* **What is being asked**
Give back every entry exactly; drop the pictures.

* **Supplied information**
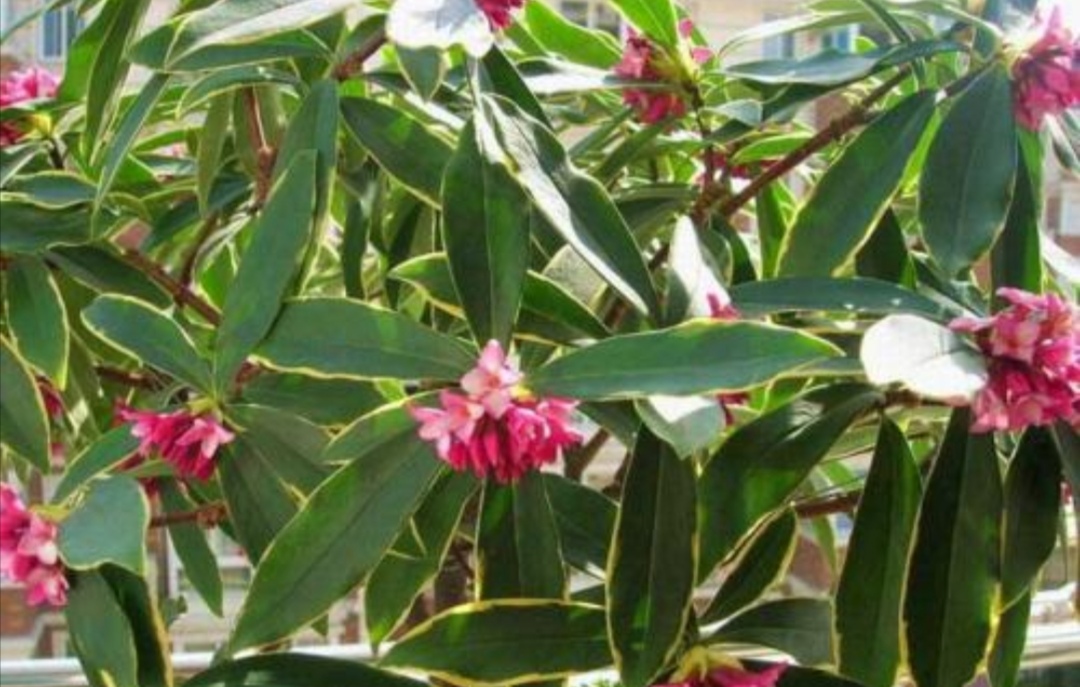 家里养盆“香味花”，春节期间开花，满屋花香扑鼻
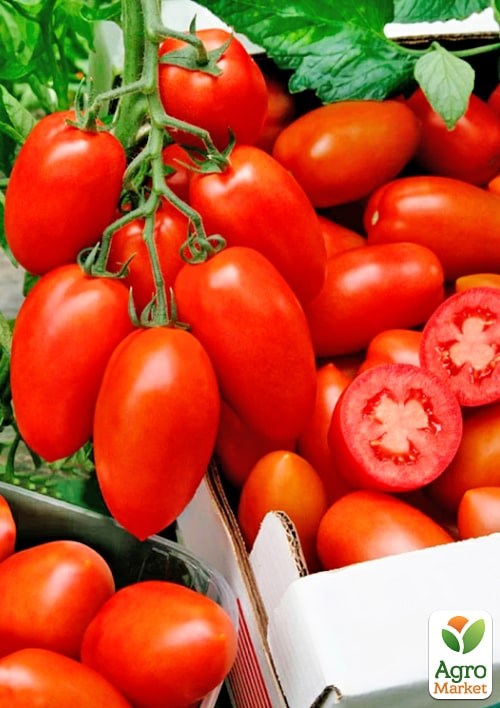 На развес Томат "Сэр Элиан" ТМ "Весна" цена за 1г - фото 2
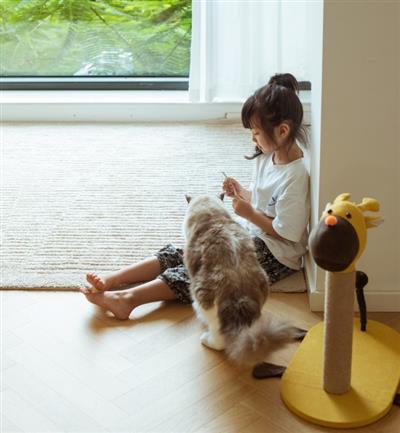 Catry Cartoon Giraffe Cat Scratching Post - A 19" Cat Furniture, Model-CT210236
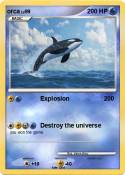 orca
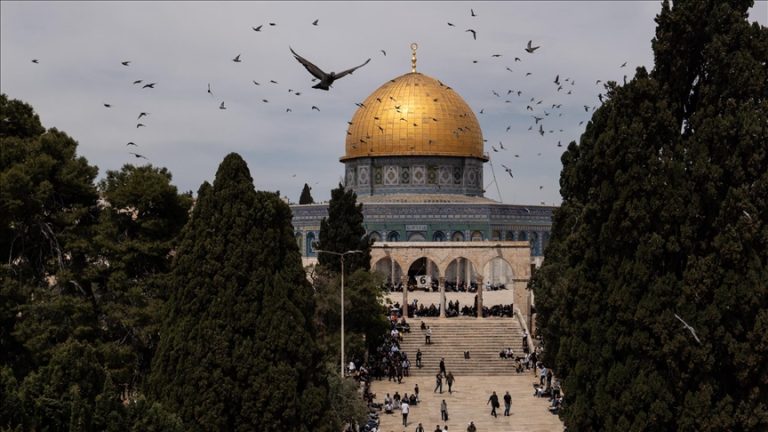 15 دولة غربية تطلق نداءً جماعيًا للاعتراف بدولة فلسطين ووقف الإبادة في غزة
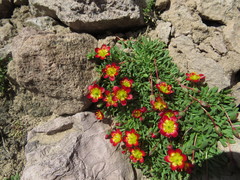 Calandrinia caespitosa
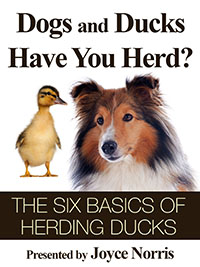 The Six Basics of Herding Ducks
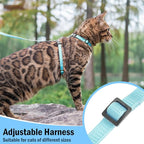 PUPTECK Adjustable Cat Harness and Leash Set Escape Proof Kitten Strap Collar for Walking Travel, Sky Blue, M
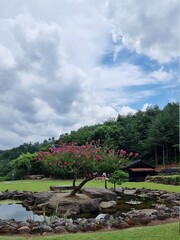Fototapeta premium lake in the forest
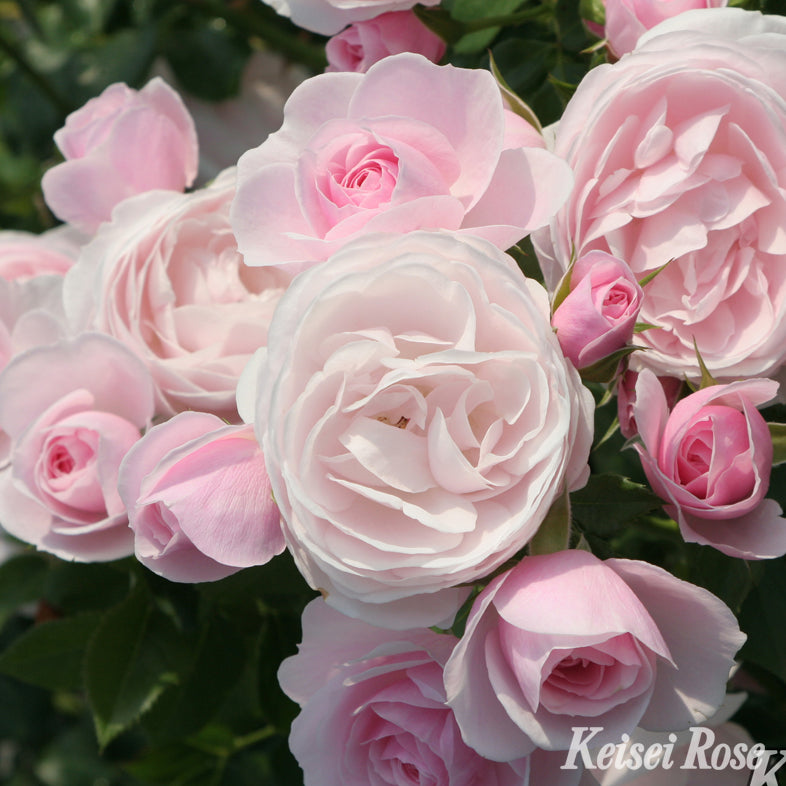 【バラ苗】ハンス ゲーネバイン® (2026年3月発送)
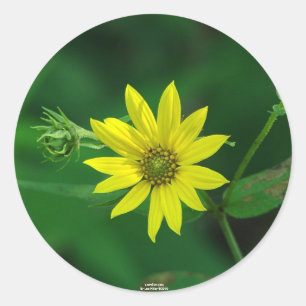 Hot Springs National Park Woodland Sunflower Gifts Ronde Sticker
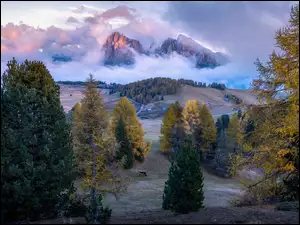 Mgła, Góry, Jesień, Chmury, Dolomity, Krowa, Włochy, Drzewa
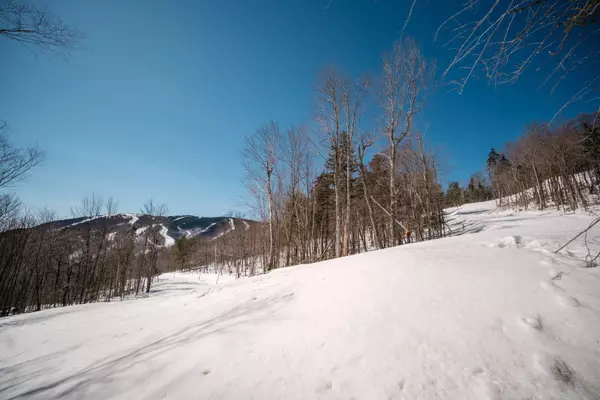 Newry, ME 04261,Lot 16 Garnet WAY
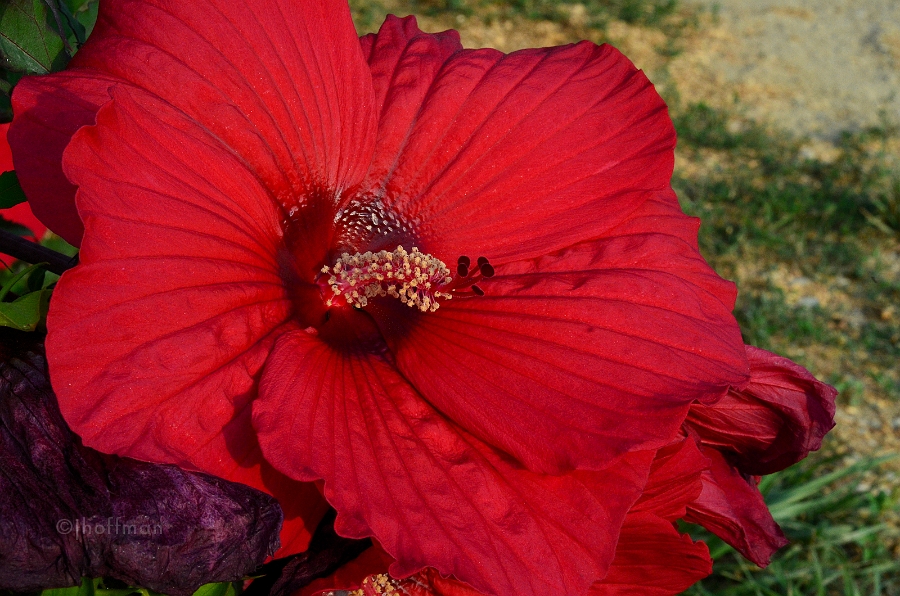 20110727_33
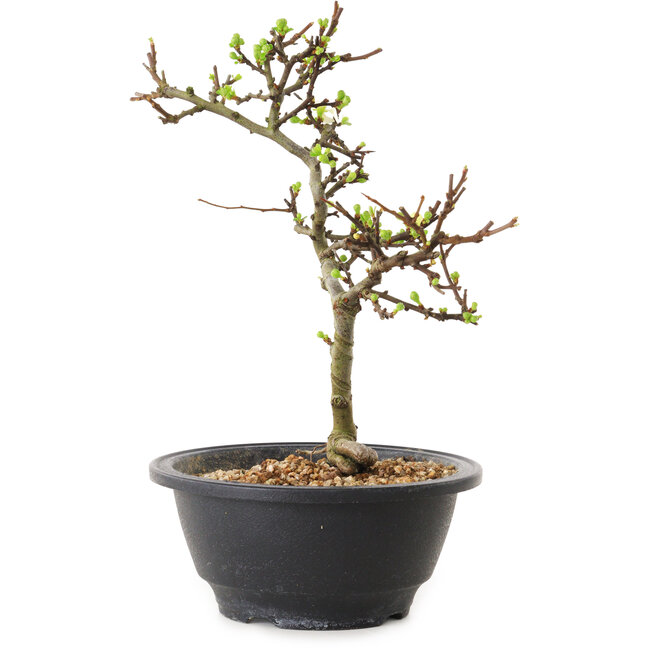 Chaenomeles speciosa con flores blancas, 16 cm, ± 12 años de edad.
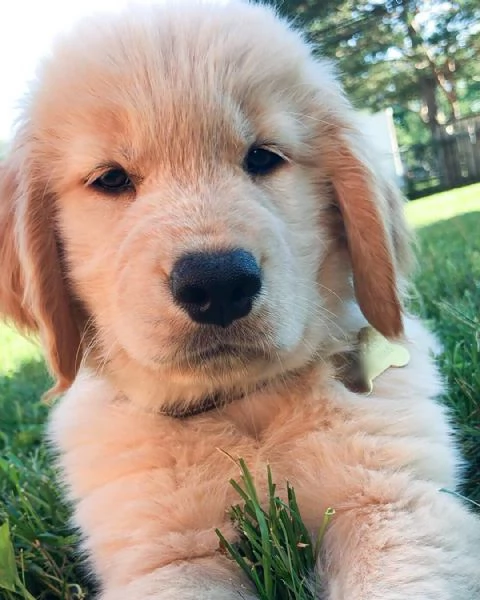 stupenda cucciolata di golden retriever da genitori 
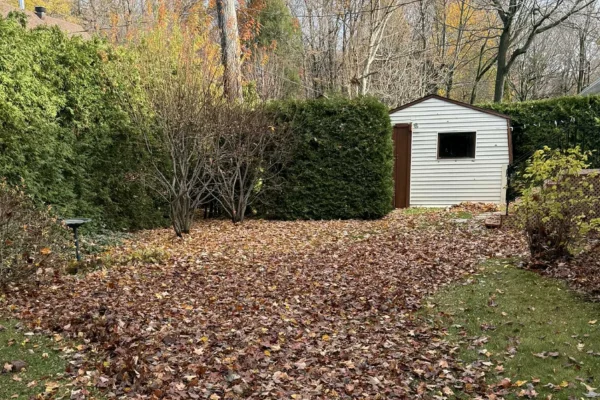 Terrain couvert de feuilles à ramasser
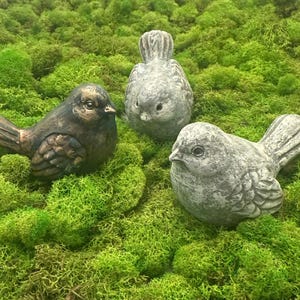 Set of 3 Cement Bird Statue, Farmhouse Decor, bird gifts, Housewarming, New Home Gift, plant pals, rustic garden, pot, Terrarium Figurine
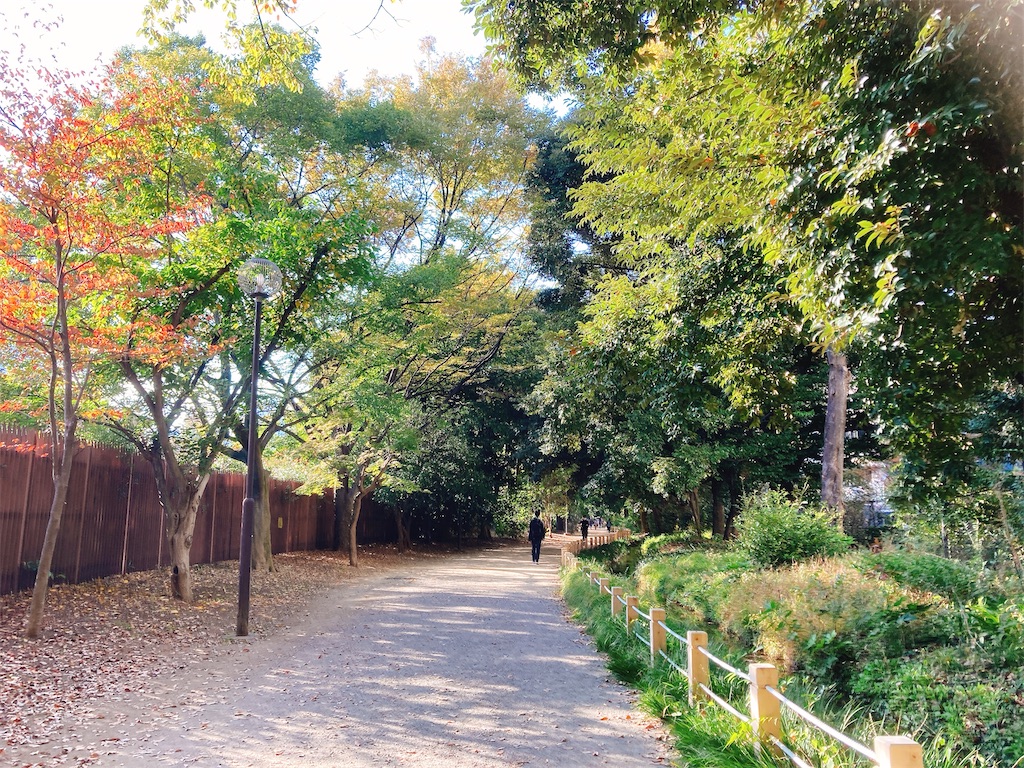 f:id:qsmet:20211108143723j:image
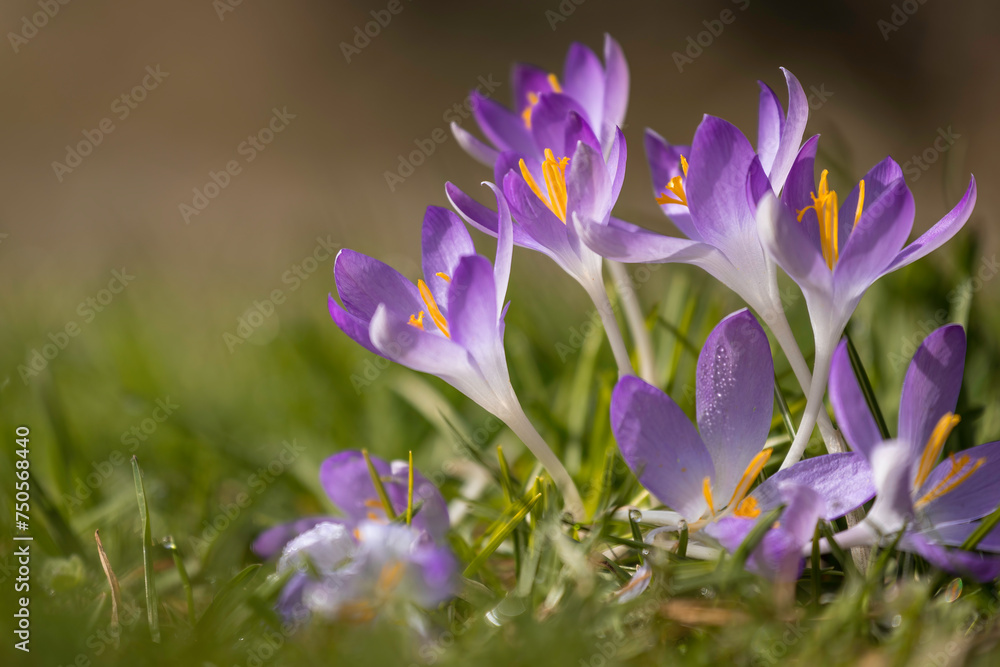 Aufnahme von lila Krokusen auf einer Wiese, im Sonnenlicht.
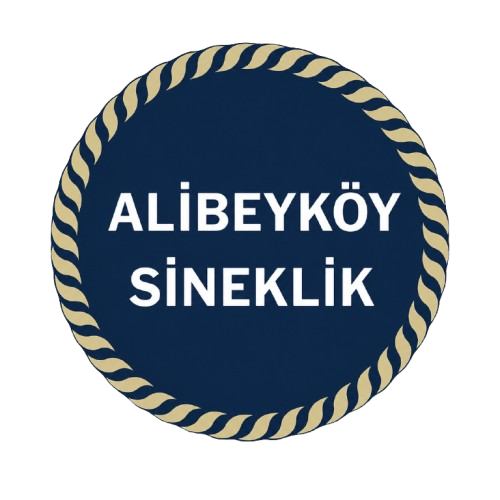 alibeyköy sineklik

* **Task answer**
 家里养盆“香味花”，春节期间开花，满屋花香扑鼻
 На развес Томат "Сэр Элиан" ТМ "Весна" цена за 1г - фото 2
 Catry Cartoon Giraffe Cat Scratching Post - A 19" Cat Furniture, Model-CT210236
 orca
 15 دولة غربية تطلق نداءً جماعيًا للاعتراف بدولة فلسطين ووقف الإبادة في غزة
 Calandrinia caespitosa
 The Six Basics of Herding Ducks
 PUPTECK Adjustable Cat Harness and Leash Set Escape Proof Kitten Strap Collar for Walking Travel, Sky Blue, M
Fototapeta premium lake in the forest
 【バラ苗】ハンス ゲーネバイン® (2026年3月発送)
 Hot Springs National Park Woodland Sunflower Gifts Ronde Sticker
 Mgła, Góry, Jesień, Chmury, Dolomity, Krowa, Włochy, Drzewa
 Newry, ME 04261,Lot 16 Garnet WAY
 20110727_33
 Chaenomeles speciosa con flores blancas, 16 cm, ± 12 años de edad.
 stupenda cucciolata di golden retriever da genitori 
 Terrain couvert de feuilles à ramasser
 Set of 3 Cement Bird Statue, Farmhouse Decor, bird gifts, Housewarming, New Home Gift, plant pals, rustic garden, pot, Terrarium Figurine
 f:id:qsmet:20211108143723j:image
 Aufnahme von lila Krokusen auf einer Wiese, im Sonnenlicht.
 alibeyköy sineklik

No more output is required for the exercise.